Pictures aside, every line of the listing should be given again exactly.

#### Provided records

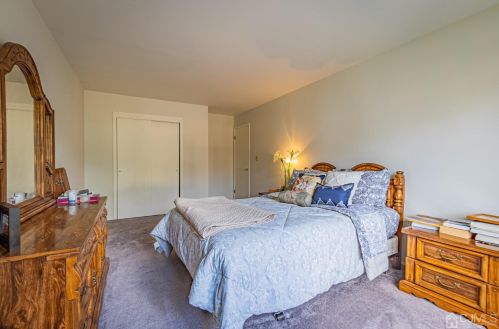 7 Meredith Rd, Edison NJ 08817-2231 exterior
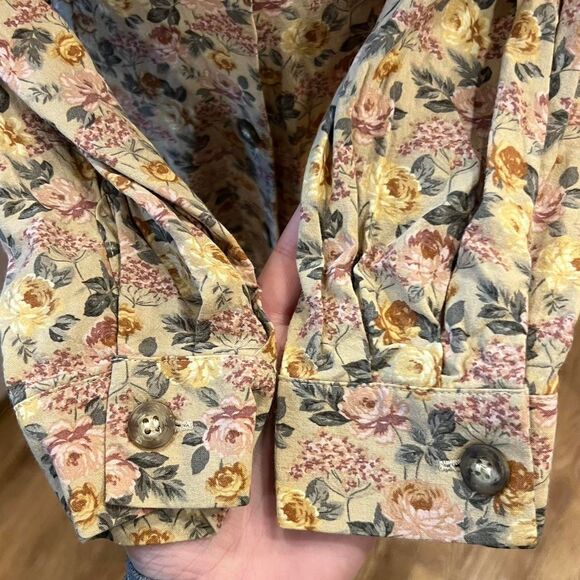 Vintage Laura-Ashley Women's Floral long sleeve button up Dress - Picture 3 of 8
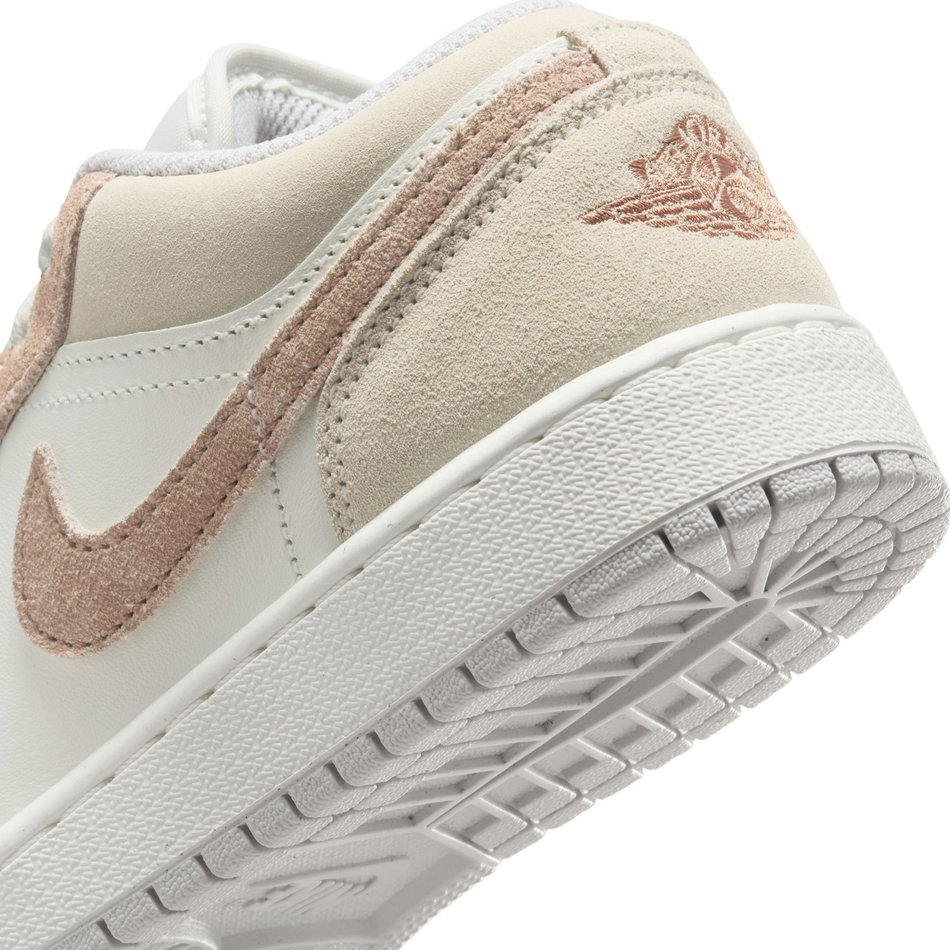 Air Jordan 1 Low SE Gs Bej Basketbol Ayakkabısı
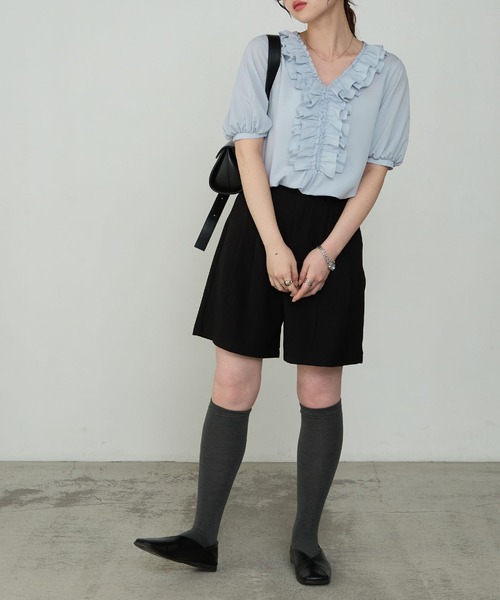 Cherir Mignon(シェリルミニョン)の「【Cherir Mignon】フリルパフスリーブブラウス(シャツ/ブラウス・レディース・サックスブルー/アイボリー/ブラウン/ブラック系・FREE)」の14枚目の写真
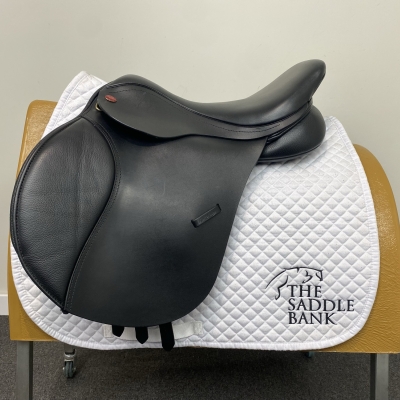 Image of 17 inch Kent and Masters Original Flat back GP MGU Black Adjustable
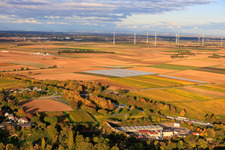 Vue oblique de Centrale géothermique Insheim pour l'extraction de lithium par Vulcan Energy GmbH (en arrière-plan). Plateforme V20 de Vercana GmbH et parc éolien d'Offenbach. à Insheim dans le département Rhénanie-Palatinat, Allemagne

########

§ **Solution for this task**
 7 Meredith Rd, Edison NJ 08817-2231 exterior
 Vintage Laura-Ashley Women's Floral long sleeve button up Dress - Picture 3 of 8
 Air Jordan 1 Low SE Gs Bej Basketbol Ayakkabısı
 Cherir Mignon(シェリルミニョン)の「【Cherir Mignon】フリルパフスリーブブラウス(シャツ/ブラウス・レディース・サックスブルー/アイボリー/ブラウン/ブラック系・FREE)」の14枚目の写真
 Image of 17 inch Kent and Masters Original Flat back GP MGU Black Adjustable
 Vue oblique de Centrale géothermique Insheim pour l'extraction de lithium par Vulcan Energy GmbH (en arrière-plan). Plateforme V20 de Vercana GmbH et parc éolien d'Offenbach. à Insheim dans le département Rhénanie-Palatinat, Allemagne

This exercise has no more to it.